My partner has a condition that I can’t spell, which is usually a bad sign. I really don’t like to think of anybody I love having anything with a Latin name unless it is some kind of pasta. You all know far more about this than I do. I know it’s called something like Arachnid Haemorrhoids or something. Lesley has the condition. I do not. Even if I did, I still couldn’t pronounce it. The thing is, it appeared like a third element in our relationship, like a pet dog. One can no longer assume we can do this that or the other without taking it into the equation.
I must admit, when she was first diagnosed with it, I went into shock. I thought, ‘Oh my God, what will I do?’
I ordered pizza, for a start and got myself a season ticket for visiting at the hospital. I felt helpless. What can you do when someone you love is in pain, and you have to leave them at the hospital. Each time I left, I felt as if I were abandoning her and it cut deep; it ached as such things do. What can you do though? Climb back in your car and carry on with life as normal, while the world is oblivious to your worry and the grief that hovers and gnaws away at everything you do while you wait on a loved one to recover.

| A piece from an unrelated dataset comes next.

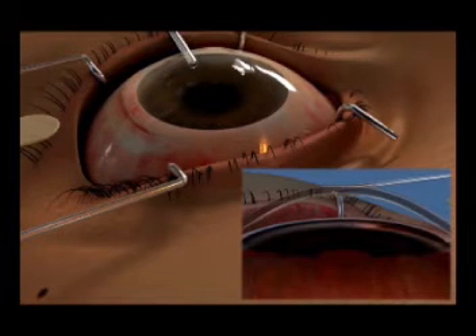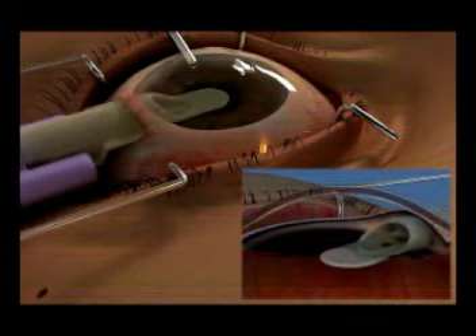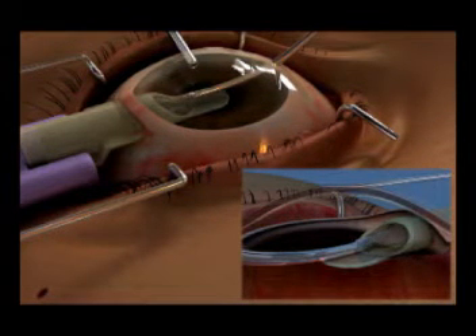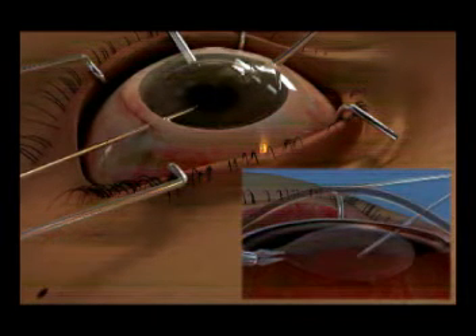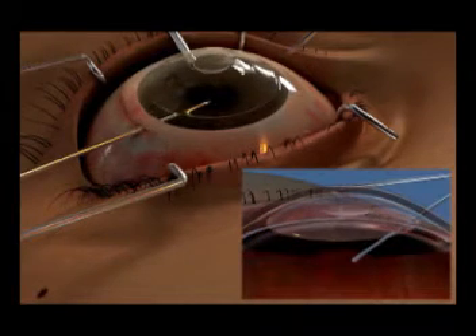With an AC maintainer on to stabilize the chamber, the Endoglide is fully inserted through the 4mm sclerotunnel, forming a complete seal of the wound. The SAG forceps, introduced from a nasal paracentesis, then simply grasps the donor and pulls it in. The donor automatically uncoils, and the Endoglide is removed. A small air bubble is then injected beneath the donor to prevent descent onto the iris.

I remember thinking, on the morning of Lesley’s operation, that she is in hospital and yet the kettle still takes its time, the traffic lights still favour the other drivers and leave me stressed and agitated, and thanks to my pizza, I am now constipated.
But, thank God, the operation was a success. She is one of the lucky ones, or should I say one in four; and that makes me one of the lucky ones too.
I can’t claim to be the most observant of the two of us, which is why I fail to notice when she has her hair done (sorry) and sheknows about the cigarette burn under my desk which I diligently hid with the leg of my chair. She mainly looks out of one eye since the operation, but seeing as, like most women she has eyes in the back of her head, it hasn’t been too much of a problem as far as our relationship is concerned. In fact, it has some benefits. For example, we are now in Wales sitting near the beach. At least, I presume we are because I can hear the sea. A blanket of fog sits on the car like a duvet, taken straight out of a fridge, and all I can say about the view is that the windscreen looks lovely from here. There is a woman, nearby, looking for her dog. The dog is actually on the end of a lead. That’s how foggy it is, but anyway...
Lesley has an eye-patch on her right eye. This means, as she sits in the passenger seat, she has no peripheral vision. So, as we drove all the way to Wales, I could do all those things that men do when they are alone and unobserved in their cars; I can scratch, retrieve my shorts from a certain crevice, stick a cotton bud in my ear and have a good rummage. I keep that in reserve for traffic jams.
It has a downside, too. Sometimes, because I am not touched by her peripheral vision, I feel like I am sitting alone; locked out of her perspective; as if she sits on her own in whatever confessional she finds herself, in the quiet moments when I see her like that. She often, now, seems to be in a little world of her own, the right side constrained and confined by a little white gauze and a black patch. I am very surprised by how strong the connection with another is, purely by being within their field of vision even if it is only to one side. Perhaps it is because it’s the side where the heart is; who knows.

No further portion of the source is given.